コンパクトカメラの明日はどっちだ?

一眼レフがデジタルカメラの仮の姿であるならば、コンパクトカメラ*1はデジタルとしては「正常進化」をしている形態といっても良いでしょう。デジタルバックありと言えども、そもそもデジタルカメラというものはコンパクトになるように作られてきた物なのです。
以前、この日記でコンパクトカメラは「超コンパクト機」と「普通のコンパクト機」に分けられると書きました。
前者は「持ち歩く物は小さくなった方が良いに決まっているだろう」といういかにも日本人の得意な分野であり、実際今でもカメラはどんどんコンパクト化しています。あまり小さくなってしまうと、携帯電話機にもカメラがついているんだからそのうち携帯電話付きカメラが出てくるんじゃないかと思わせるほどです。しかし、あまり行きすぎるとボタンを配置するスペースがなくなって操作性が異常に悪くなったり、カメラをしっかり握ることができなくなったりします。スパイカメラではないのだからほどほどにしてもらいたいものです。

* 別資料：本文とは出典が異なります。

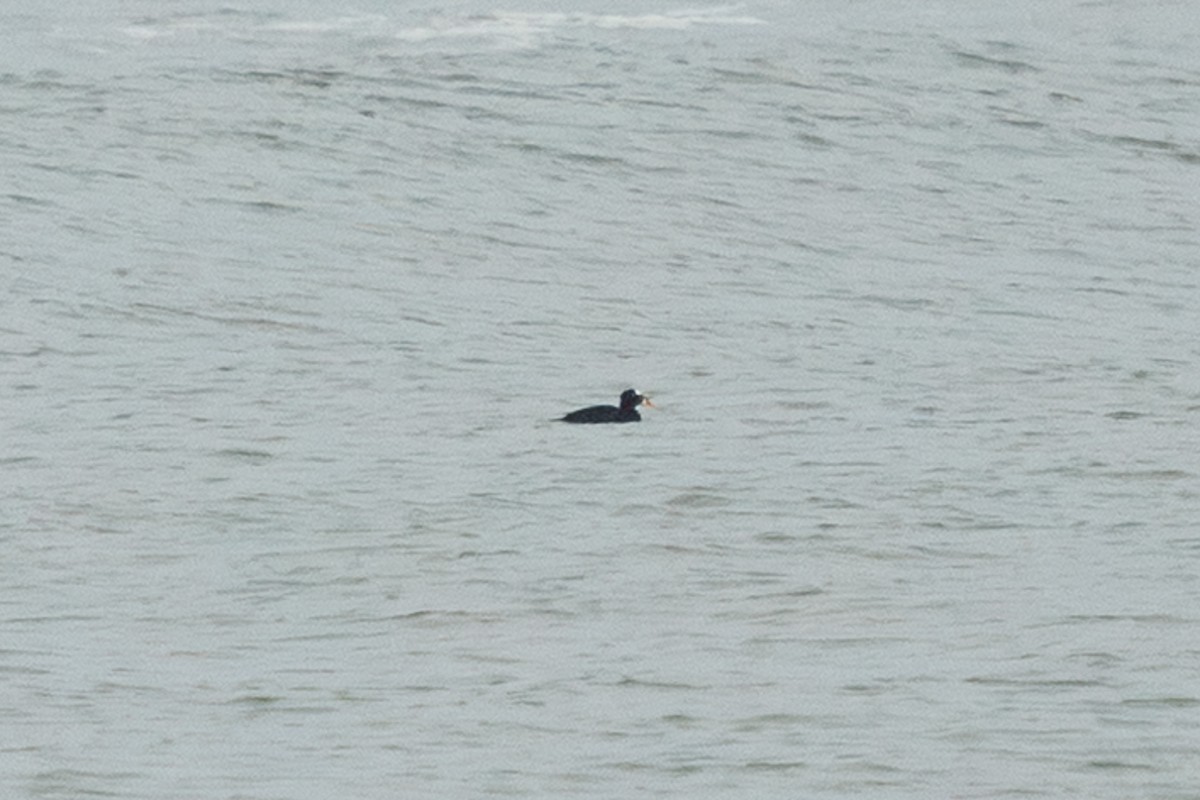 Brillenente - ML651213360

後者は「コンパクトにする前にもっとたくさんの機能を詰め込んでしまおう」という分野です。分かりやすい例としては高倍率ズーム、ワイドレンズ、光学手ぶれ補正などが挙げられます。これらはデジタルカメラの正常進化として最も期待したい分野ですが、やりすぎると操作系が複雑になりすぎ、年寄りには「ボタンを押すと壊れるんじゃないかと思って」使えないカメラになってしまいます。
また、これらの分類に入れていなかったタイプもあります。例えば比較的大きめの画像センサーに本体と不釣り合いな巨大レンズを積んだような「スーパーサイズなコンパクトカメラ」ですが、これは呼び名を変えないといけないですね…。でも仕組み上は一眼レフよりもコンパクトカメラに近いものです。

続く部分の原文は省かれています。